# Favorite Recording of Lalo's Symphonie Espagnole?



## haziz (Sep 15, 2017)

What is your favorite recording of Lalo's Symphonie espagnole? 

Feel free to elaborate on why a particular recording appeals or does not.

Thanks.


----------



## justekaia (Jan 2, 2022)

the symphanie espagnole has been a favourite since my childhood and as i focus only on fairly recent recordings i have mutter-ozawa, repin-nagano and capuçon-Järvi; out of the three i would pick repin-nagano because repin steals the day


----------



## wkasimer (Jun 5, 2017)

haziz said:


> What is your favorite recording of Lalo's Symphonie espagnole?


Oistrakh/Martinon
Kogan/Bruck
Ricci/Ansermet
Dumay/Plasson


----------



## Subutai (Feb 28, 2021)

N/A


----------



## Shaughnessy (Dec 31, 2020)

Menuhin/Enescu
Perlman/Previn
Szeryng/Reinhardt
Oistrakh/Martinon


----------



## marlow (11 mo ago)

There is a fabulous version by Heifetz but he only plays 4 movements


----------



## EvaBaron (Jan 3, 2022)

marlow said:


> There is a fabulous version by Heifetz but he only plays 4 movements


Wait there’s more?


----------



## haziz (Sep 15, 2017)

EvaBaron said:


> Wait there’s more?



It actually is a 5 mvt. work, and yes I had to go and look it up.
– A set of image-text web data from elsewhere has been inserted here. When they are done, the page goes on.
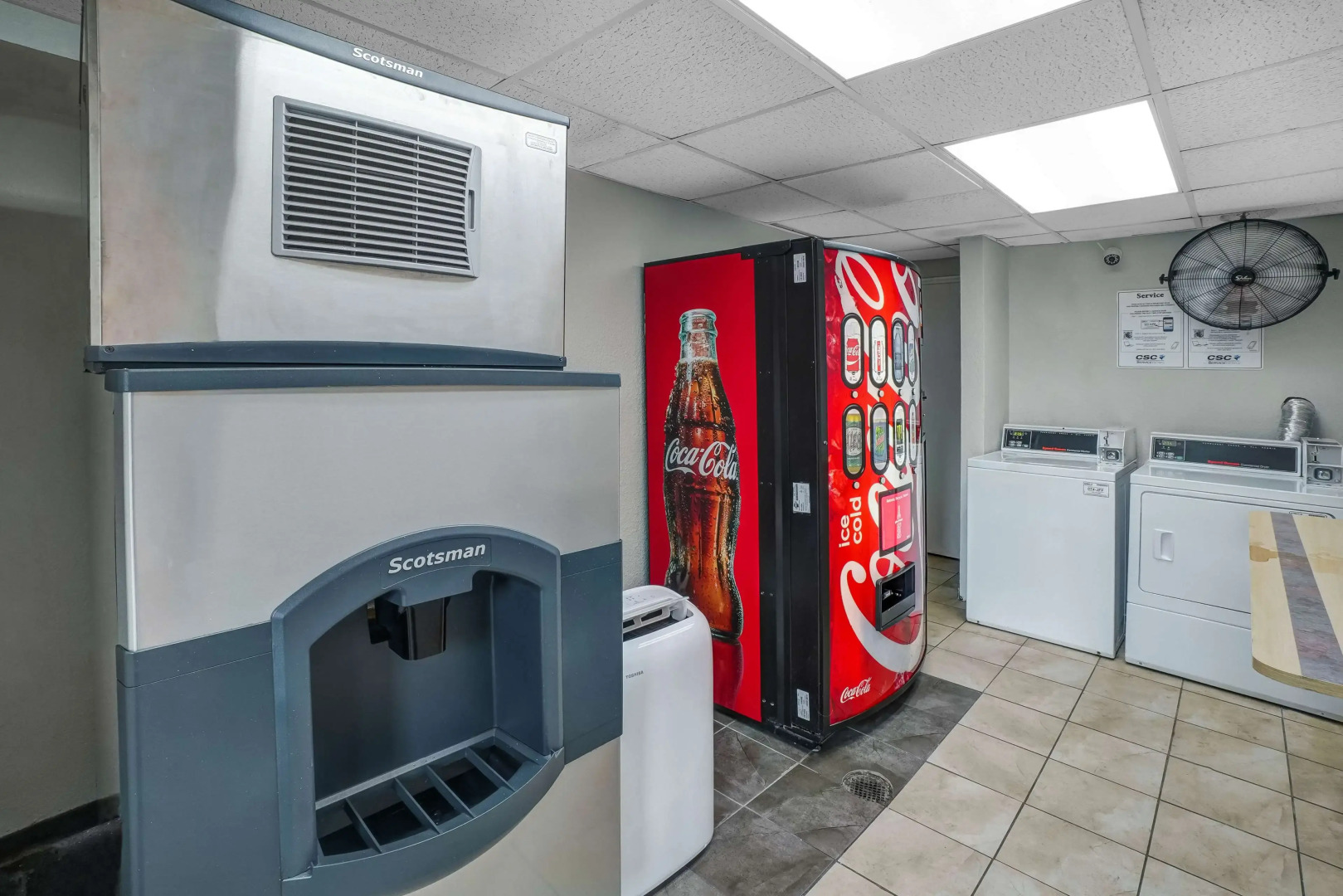 Motel 6 Lexington I-75 Hamburg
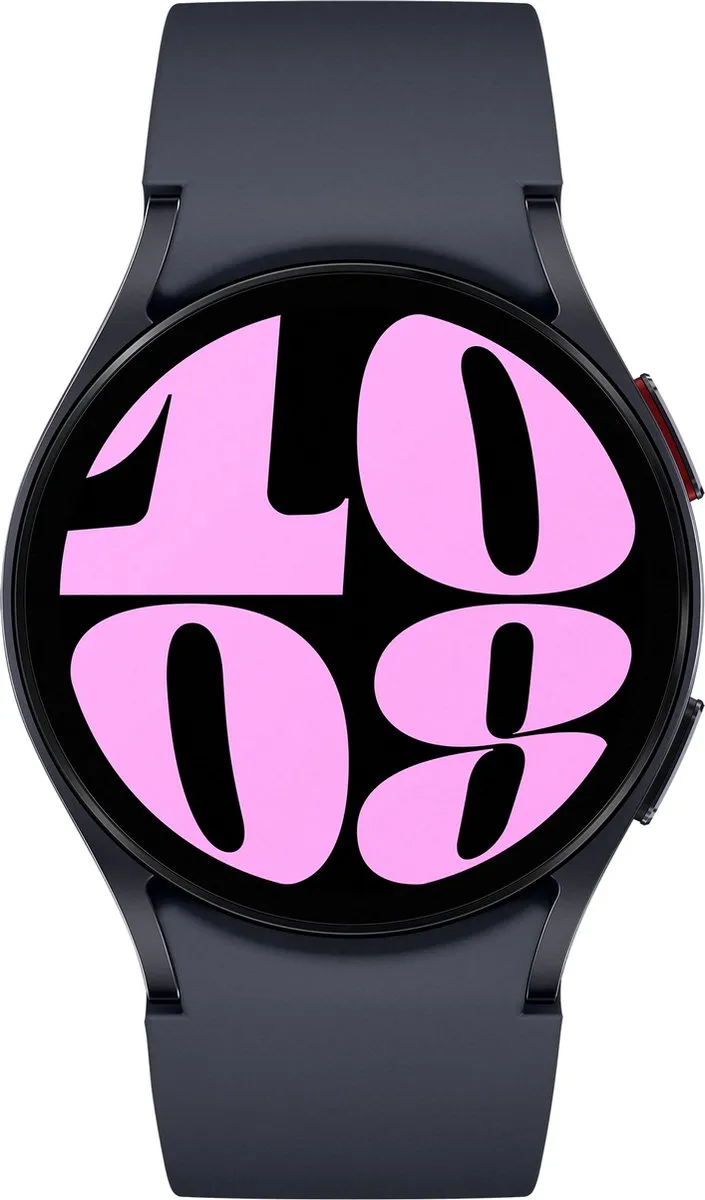 Samsung Galaxy Watch6 40mm Smartwatch - Zwart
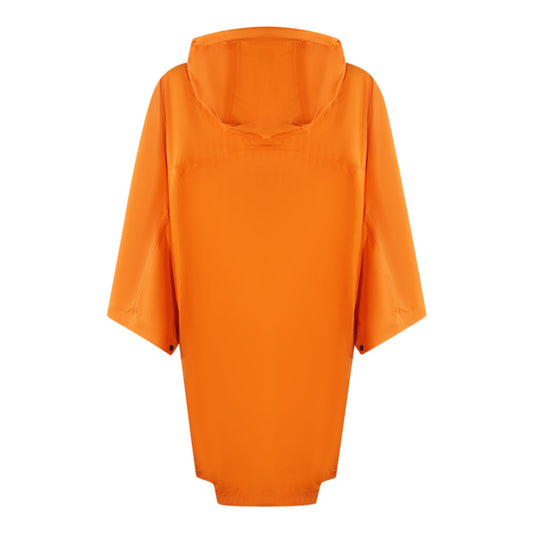 Parajumpers Angelou Marigold Orange Pullover Jacket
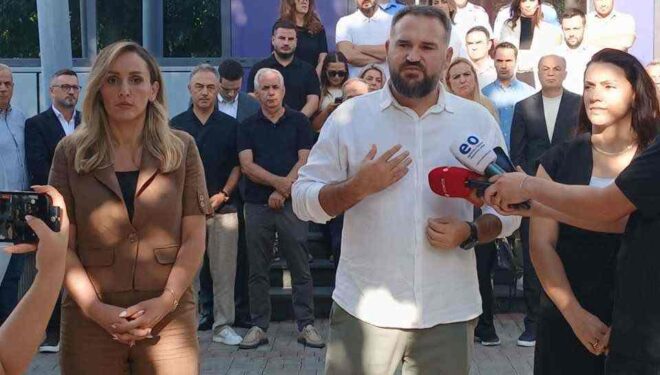 “Nuk kemi gjak për të shkelur”: PDK dhe Aleanca i bëjnë thirrje Kurtit të zhbllokojë institucionet
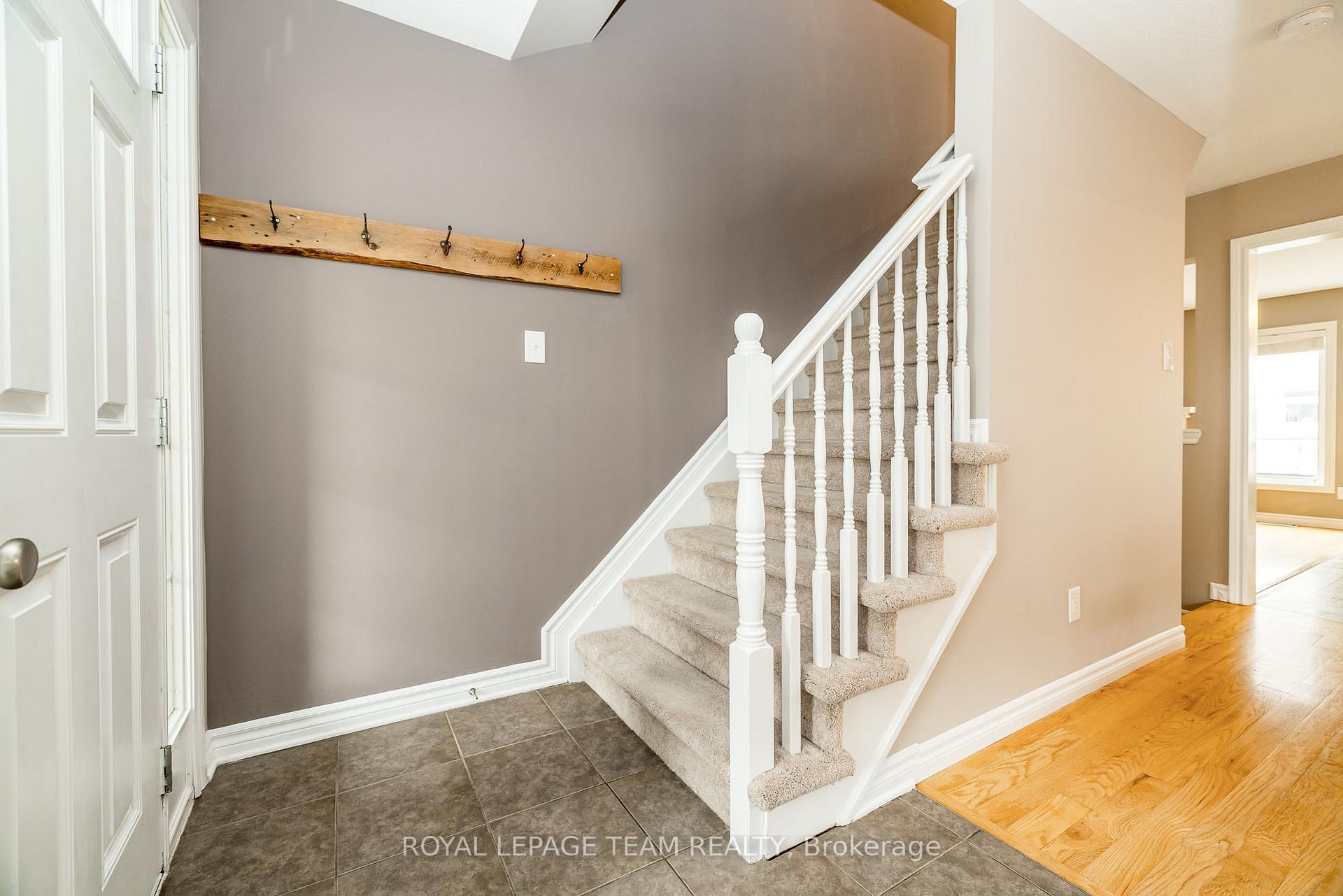 Photo 22 of 2315 River Mist Road, Ottawa, Barrhaven - Half Moon Bay — HOMEH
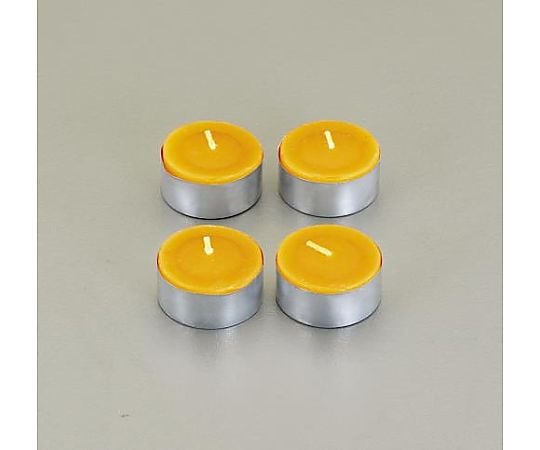 防虫キャンドル(4個)
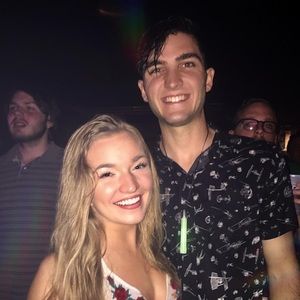 Meet your Posher, Micah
This is a quote from Wikipedia:

_A typical performance runs just over half an hour. One of the shorter recordings, conductor Eugene Ormandy's 1967 recording with the Philadelphia Orchestra, featuring violinist Isaac Stern, runs 32 minutes and 43 seconds.[2] It was common practice until the middle of the 20th century for performances of the work to omit the Intermezzo,[3] leaving a four-movement work that more closely reflected the traditional structure of a symphony._

This is from the internet and therefore infallible!


----------



## EvaBaron (Jan 3, 2022)

Now I’m at a crossroads. Never heard this piece before, and Heifetz is my favorite violinist but I would like to hear everything Lalo wrote. Guess I’ll find another more recent recording but i think I’ll start with Heifetz


----------



## haziz (Sep 15, 2017)

EvaBaron said:


> Now I’m at a crossroads. Never heard this piece before, and Heifetz is my favorite violinist but I would like to hear everything Lalo wrote. Guess I’ll find another more recent recording but i think I’ll start with Heifetz



By all means start with the Heifetz (I am actually not familiar with that recording), but I would also listen to other recordings. I can highly recommend the following more modern recordings (at least probably recorded in better sound). It is a beautiful composition.


----------



## EvaBaron (Jan 3, 2022)

haziz said:


> By all means start with the Heifetz (I am actually not familiar with that recording), but I would also listen to other recordings. I can highly recommend the following more modern recordings (at least probably recorded in better sound). It is a beautiful composition.


Thank you so much, I will listen for the very first time ever tomorrow!


----------